Daytime Cleaning: Is it here to stay?

AuthorEmmeline | Product Specialist
     2 minute read

More cleaning services being delivered during the daytime, rather than out of hours, is a growing trend. Is this a good thing for the industry? Here are the top ways cleaning companies can capitalise on the trend and improve outcomes for clients too.

Solving that recruitment headache

Many cleaning companies agree that, compared to day-time, it’s much harder to recruit and retain staff for out-of-hours cleaning contracts.

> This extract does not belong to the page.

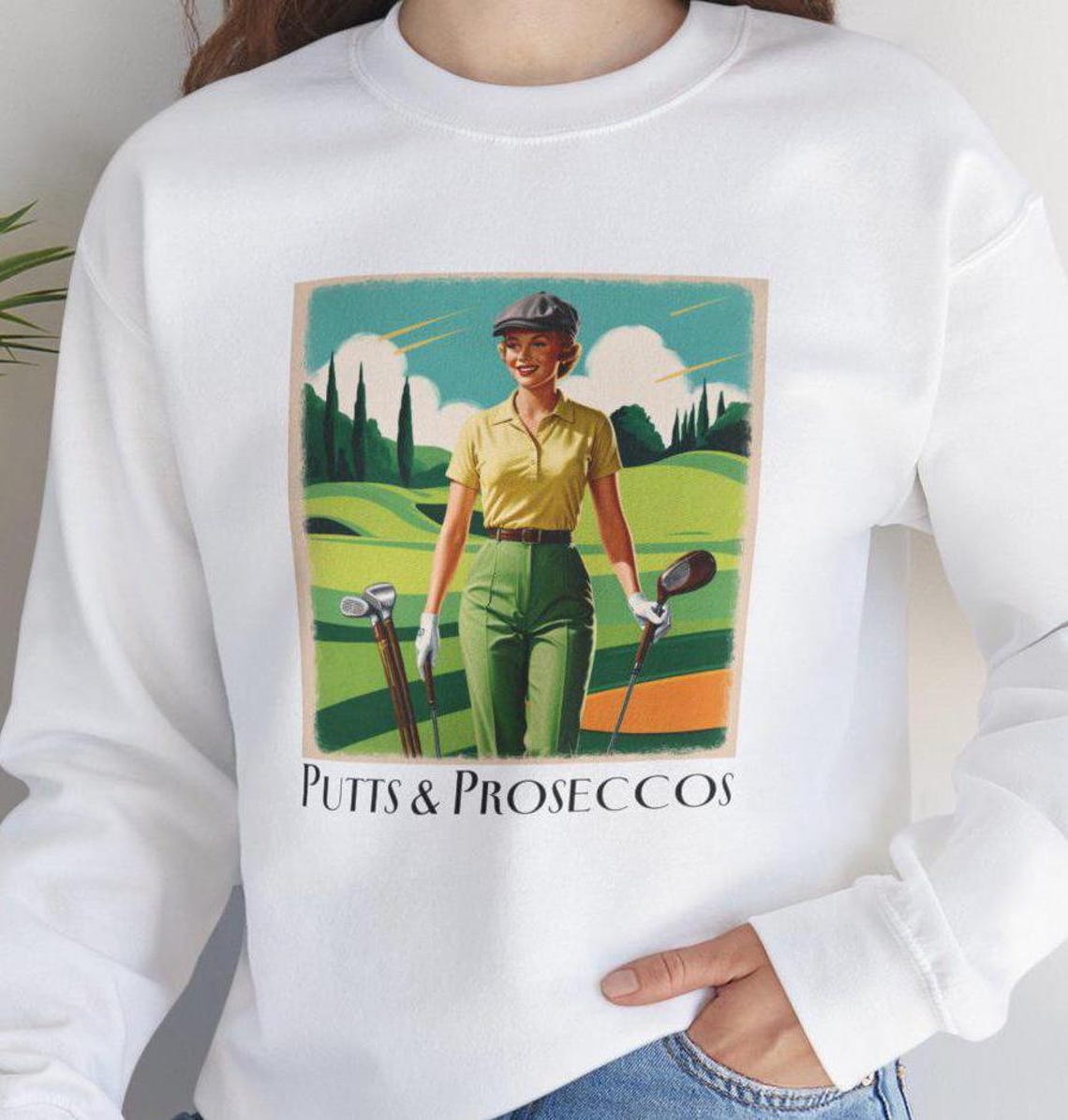 Golf Green Print Pattern Women's Sweatshirt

Here are some of the reasons why…
- Fits in with other lifestyles (e.g. school, work, etc.) – where a higher proportion of the population works a standard 9 to 5 day, other services don’t always cater for abnormal hours.
- Communication with building users – maybe it’s your aim for your operatives not to talk to other people in the building, but if they can, they can be made aware of any areas that might require special attention. They also might not feel as isolated as they might if they’re the only person in that part of the building as they’re cleaning it.
- Monitor building traffic – being on-site as the building is in use, your operatives can keep track of areas that have been used more frequently than others.
- Plan their shift on the go – linking to monitoring traffic, operatives can cut back on cleaning areas that haven’t been used as much as others.

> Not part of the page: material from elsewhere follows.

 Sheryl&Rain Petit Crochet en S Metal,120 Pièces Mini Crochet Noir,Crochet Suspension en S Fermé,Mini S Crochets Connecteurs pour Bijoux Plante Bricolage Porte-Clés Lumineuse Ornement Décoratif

Inflation's impact on cleaning services

Inflation is pushing the price of more and more products and commodities up every day. We all know about electricity prices and how they affect our overheads and the prices of our products as they get affected by them – but the other side of it is your customers’ expenses.

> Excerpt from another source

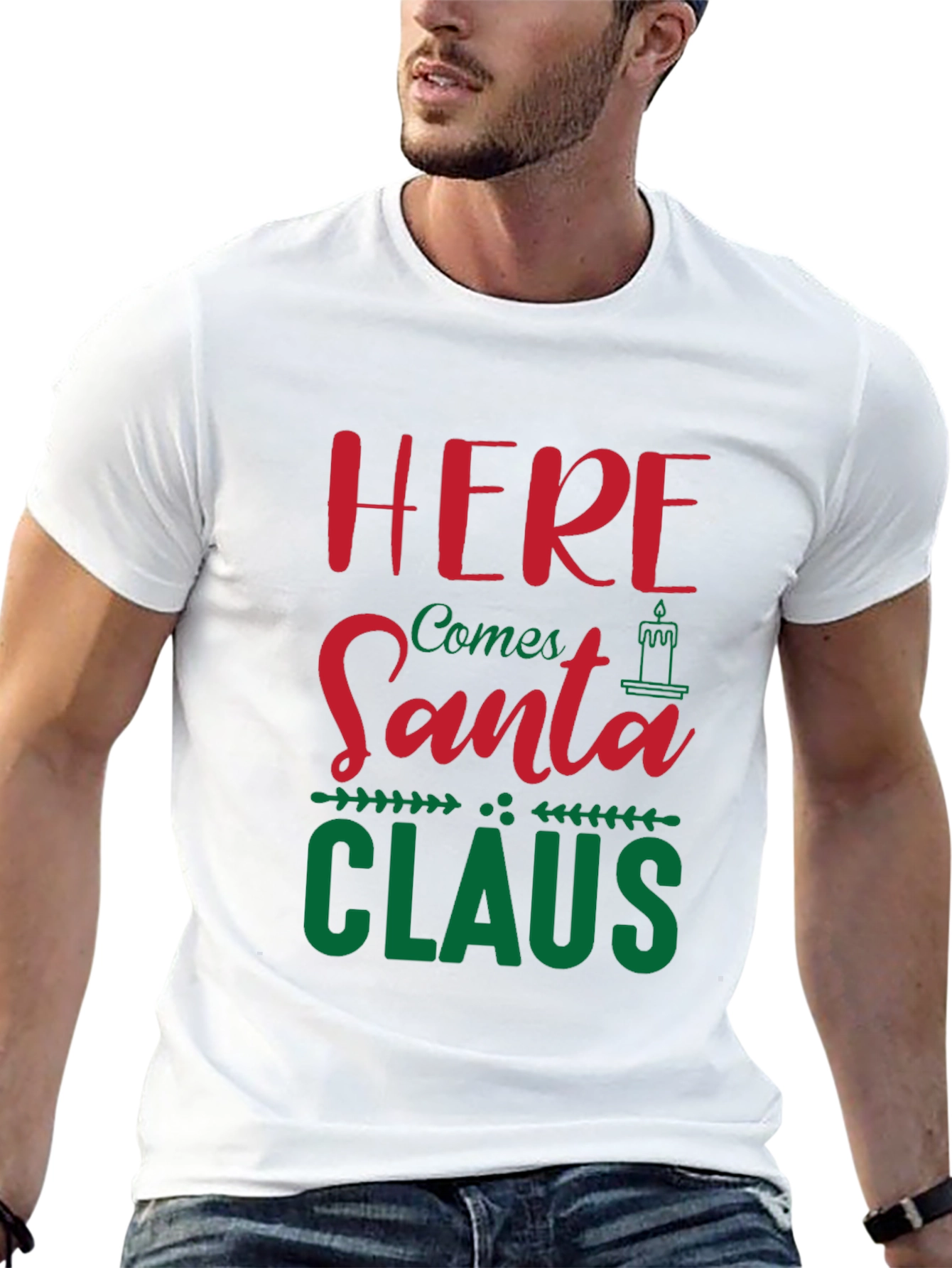 Festive Here Comes Santa Claus Graphic Tee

This is especially important if you have a commercial contract where they only want out-of-hours cleaning. You might want to remind them that with daytime cleaning they won’t need to leave the heating/lights on for so long - meaning you won’t be making as much of an impact on their soaring energy costs.

Awareness of the need to have clean spaces

Another factor in this is the COVID pandemic. Yes, it’s the subject nobody wants to hear about anymore, but it has made everyone, even if they aren’t in the cleaning industry, more aware of the need for cleanliness. You might actually give your customers a USP if their clients can see their cleaners in action. Daytime cleaning gives all building users the security of knowing that the whole area is clean – it isn't looking dirty and they won’t contract infections from it.

Removing the disturbance associated with daytime cleaning

Do your customers know that daytime cleaning isn’t as much of a disturbance as they think? It isn’t as much to do with the cleaners being around other building users - it’s the machinery.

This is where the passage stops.